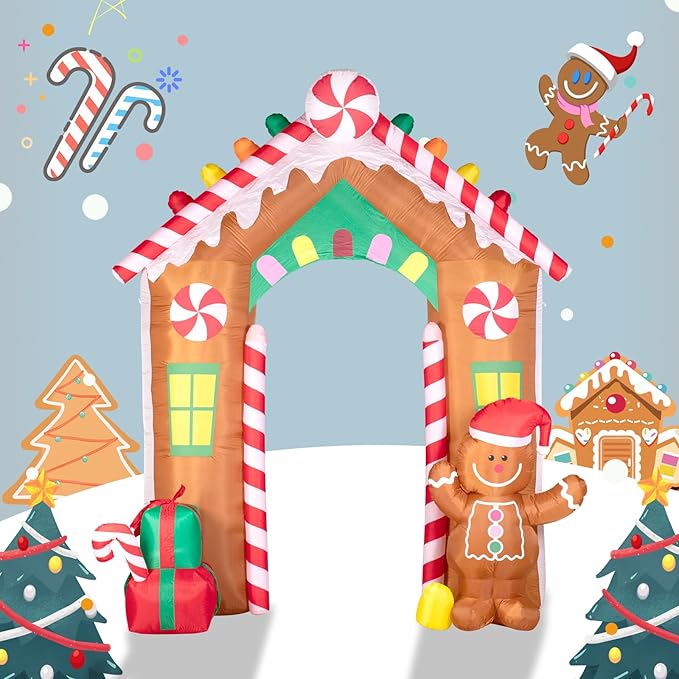 Hioasis 10 FT Christmas Inflatable Decorations - Archway with Gingerbread Man and Gift Box Outdoor Inflatables with LED Lights Perfect for Christmas Party & Yard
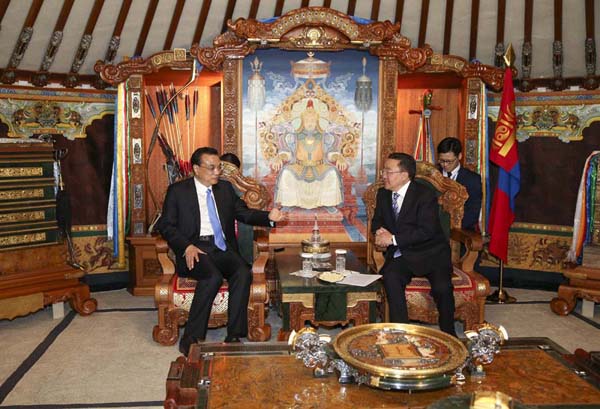 李克強會見蒙總統：愿同蒙方及各方一道加強亞歐合作、應對共同挑戰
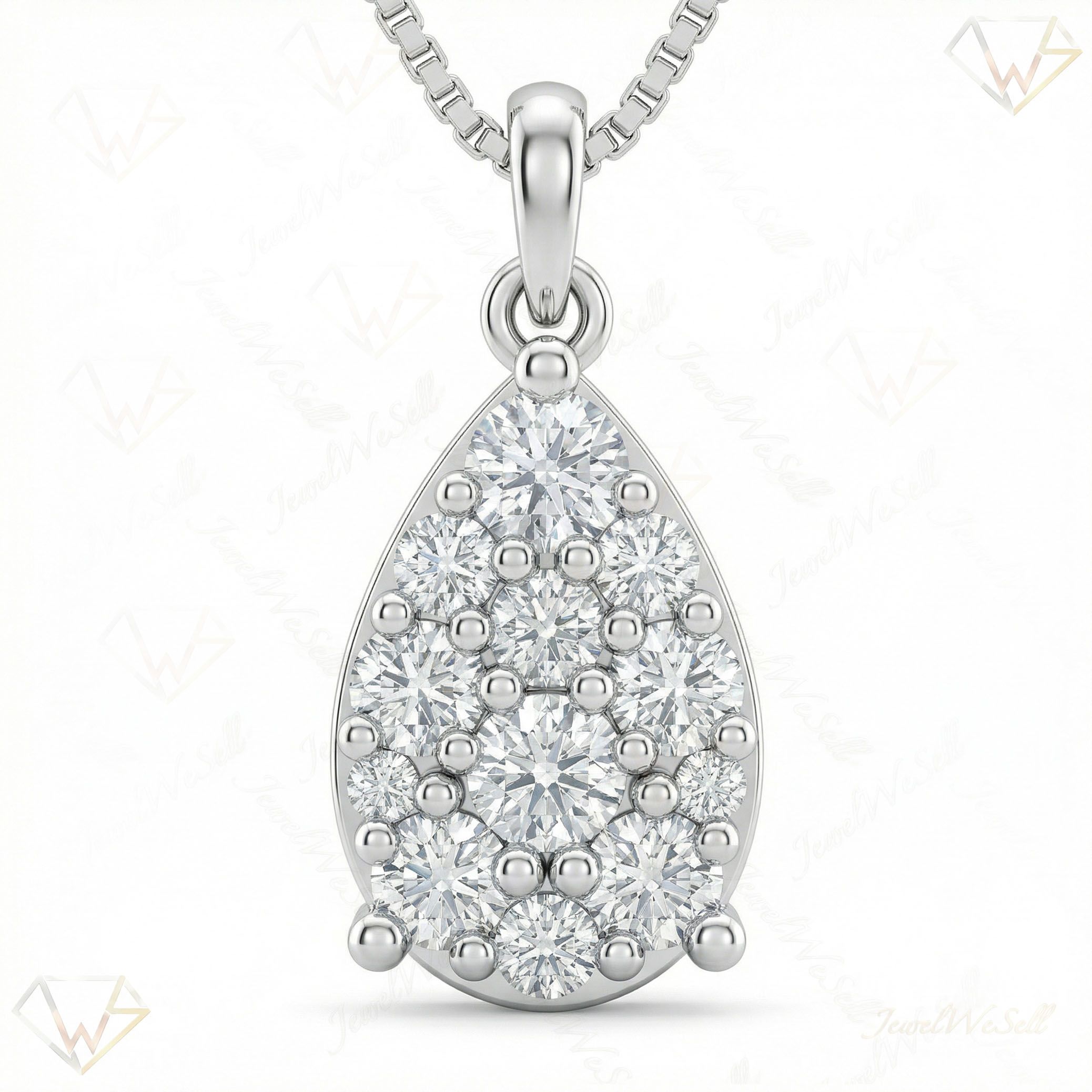 1.75 ct EF VS Moissanite Cluster Pendant in 925 Sterling Silver 202935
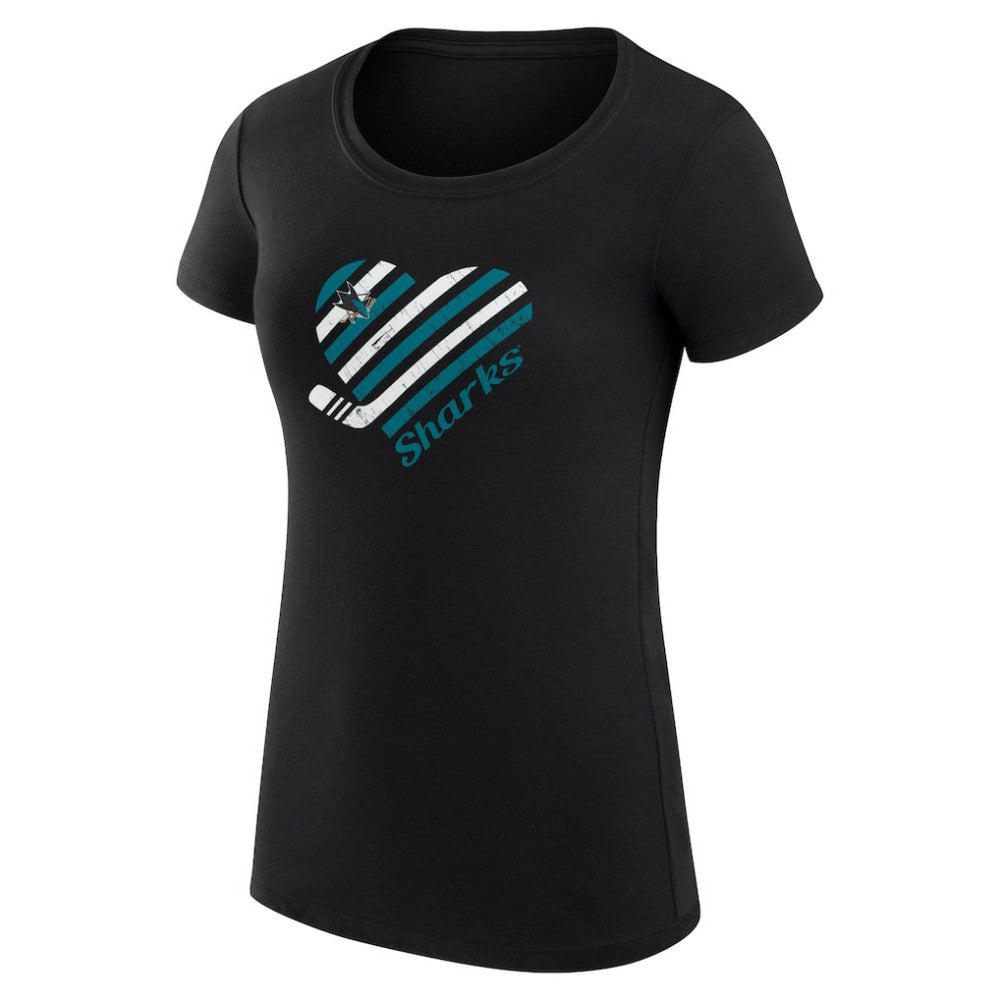 San Jose Sharks G-III 4Her by Carl Banks Women's Super-Slim Fit Lightweight Heart T-Shirt - Black | US 200446469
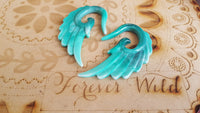 Angel Wing Ear Hangers ↠ Green Marble ~ Pair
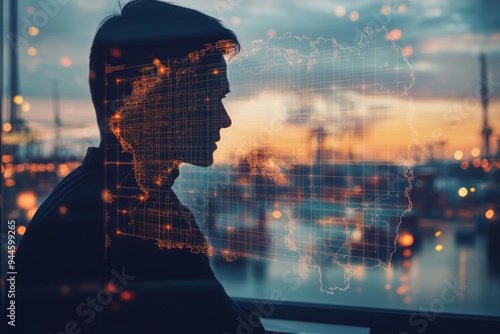 Engineering in supply chain management focus on logistics solutions, sleek design, soft lighting, Double exposure silhouette with supply chain map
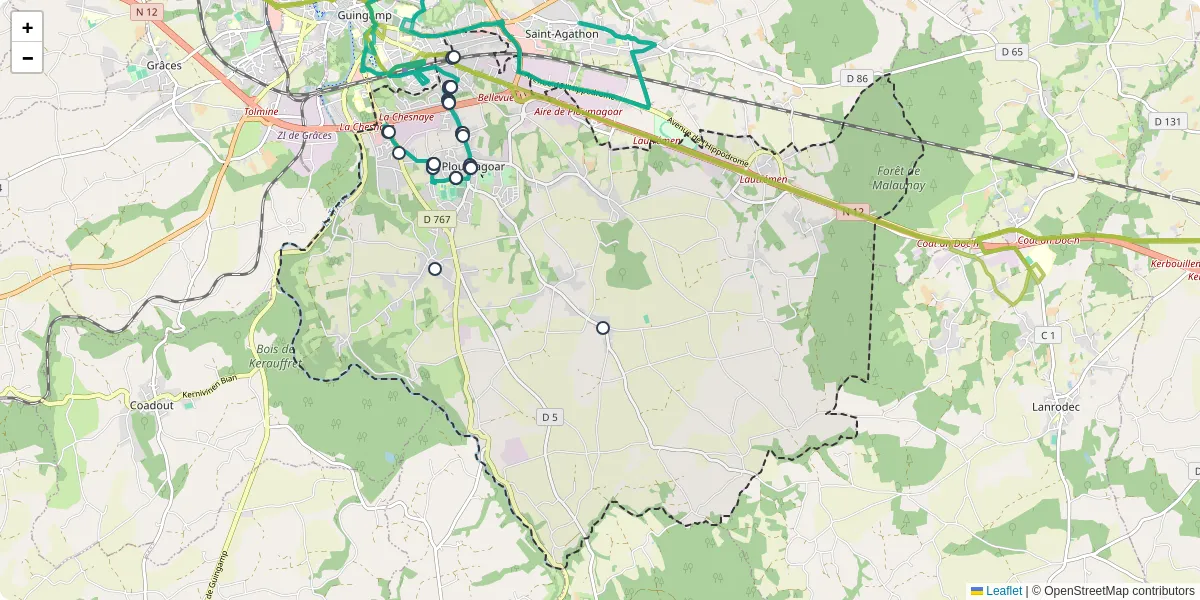 Carte du réseau de transport en commun à Ploumagoar - lignes de bus et arrêts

•••

Assigned task: Pictures must be left out. Return verbatim only the lines from the line with "1.75 ct EF VS" through the final line of the material above, including both ends.

Exercise answer:
 1.75 ct EF VS Moissanite Cluster Pendant in 925 Sterling Silver 202935
 San Jose Sharks G-III 4Her by Carl Banks Women's Super-Slim Fit Lightweight Heart T-Shirt - Black | US 200446469
 Angel Wing Ear Hangers ↠ Green Marble ~ Pair
 Engineering in supply chain management focus on logistics solutions, sleek design, soft lighting, Double exposure silhouette with supply chain map
 Carte du réseau de transport en commun à Ploumagoar - lignes de bus et arrêts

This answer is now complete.